Garland looks like an emerging star for the Cavaliers going forward, with his combination of playing ability and vision and as a goalscorer his grip, speed, change of pace and reach make him so hard to explain. Garland has had a great season for himself as a catching and shooting threat, especially in Year 2 making notable progress as a shooter off the rebound from three points in Year 3.

Garland made 38.3% of his three-point attempts in 2021-22, and he had a 40.5% shot clip on three-point pull attempts, according to shot tracking data from NBA.com. His prowess on the ball, coupled with his game feel/vision, has often allowed his teammates, or himself, to be successful both in attack and in transition.

Additionally, Garland made further progress as a close-to-the-edge finisher during this recently concluded season for the Cavaliers, and while others’ injuries played a part in that, Garland eventually reached the free throw line further. during the third year.

That being said, even with the three, drives and his game being Garland’s key points, in general, in attack, I also think he will still use the midrange. And next season, I think that will again prove to be an effective counter for him, and he will still have to throw those looks sometimes to help him as a deep threat and a driver, but also as a passer.
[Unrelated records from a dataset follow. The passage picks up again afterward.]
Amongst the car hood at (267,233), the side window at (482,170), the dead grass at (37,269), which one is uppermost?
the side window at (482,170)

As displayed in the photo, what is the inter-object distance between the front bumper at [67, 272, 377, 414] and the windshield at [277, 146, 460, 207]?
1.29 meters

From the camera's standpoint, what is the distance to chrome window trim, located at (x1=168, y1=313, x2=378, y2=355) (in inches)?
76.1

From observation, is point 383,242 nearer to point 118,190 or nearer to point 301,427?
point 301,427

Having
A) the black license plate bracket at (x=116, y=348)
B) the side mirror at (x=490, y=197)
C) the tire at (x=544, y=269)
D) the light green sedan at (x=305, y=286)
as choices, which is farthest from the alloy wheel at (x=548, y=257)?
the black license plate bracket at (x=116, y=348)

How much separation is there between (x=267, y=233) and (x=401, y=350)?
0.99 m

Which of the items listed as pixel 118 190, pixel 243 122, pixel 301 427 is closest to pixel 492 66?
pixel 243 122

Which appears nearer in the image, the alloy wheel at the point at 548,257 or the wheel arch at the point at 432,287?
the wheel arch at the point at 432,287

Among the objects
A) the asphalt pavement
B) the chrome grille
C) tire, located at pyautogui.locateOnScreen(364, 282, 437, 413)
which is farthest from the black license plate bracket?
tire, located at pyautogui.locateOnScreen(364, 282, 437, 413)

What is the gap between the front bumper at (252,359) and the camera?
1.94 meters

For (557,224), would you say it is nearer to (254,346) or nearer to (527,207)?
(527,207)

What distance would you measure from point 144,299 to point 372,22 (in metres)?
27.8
The midrange will again be an effective counter for Garland in his upcoming fourth season with the Cavs.

As we touched on, Garland was very effective as a three-point shooter also in his third season, and that will always be a big part of his game. I don’t dispute that, and it doesn’t matter who’s on the floor with him in different lineups, we know what Garland provides in that area for Cleveland.

The same goes for Garland as a driver, both to score for himself and as a setter for others as a lob/pocket pass distributor and ball swing initiator in those instances. The garland had 2.4 assists on drives per contest this seasonby Second Spectrum, who was tied for third in the NBA, behind Luka Doncic and Dejounte Murray.

But as we mentioned a bit, I would still expect to see Garland use the midrange as a quality counter in his fourth season, to fit into his deep shooting, training and game. Garland has demonstrated solid pulling shooting abilities in his first two seasons, and more so in Year 2, and last season we saw more from him in Year 3.

As we expressed, Garland has knocked down 40.5% of his three pull attempts this season, at a frequency of 22.1%. It was impressive of him and illustrated further growth as a ball scorer.

Coupled with this, however, Garland also logged onto a robust 46.1% of his two-point pull-up attempts in 2021-22, on a frequency of 23.0%. His hesitation, use of overhead dribbling, in-n-outs and quickness allowed him to generate plenty of space for those shots, which he regularly knocked down.

It was great to see from him, and also when it comes to middle play like a counter, we know how Garland’s pick-and-roll floaters are always a constant threat, which pairs well with threats of lob of Jarrett Allen and Evan Mobley. Diddo for Moses Brown even a bit near the end of the season, and Brown could apparently have a case to be back next season/maybe longer on a team-friendly deal, we’ll have to see.

Anyway, while I’m not saying it’s bread and butter for him, hopefully with more threats on the ball next season for Cleveland back in the fold, the game of Garland’s midrange should again be an effective counter. He shot 49.7 percent from 10 to 16 feet and 45.6 percent from 16 feet at the three-point line in year three, and that was impressive.

Intermediate play isn’t necessarily the main focus of the games’ star point guards, but he’s a guy who still needs to use it from time to time.

And in Year 4, that will still help Garland throughout games to get going if needed, I imagine.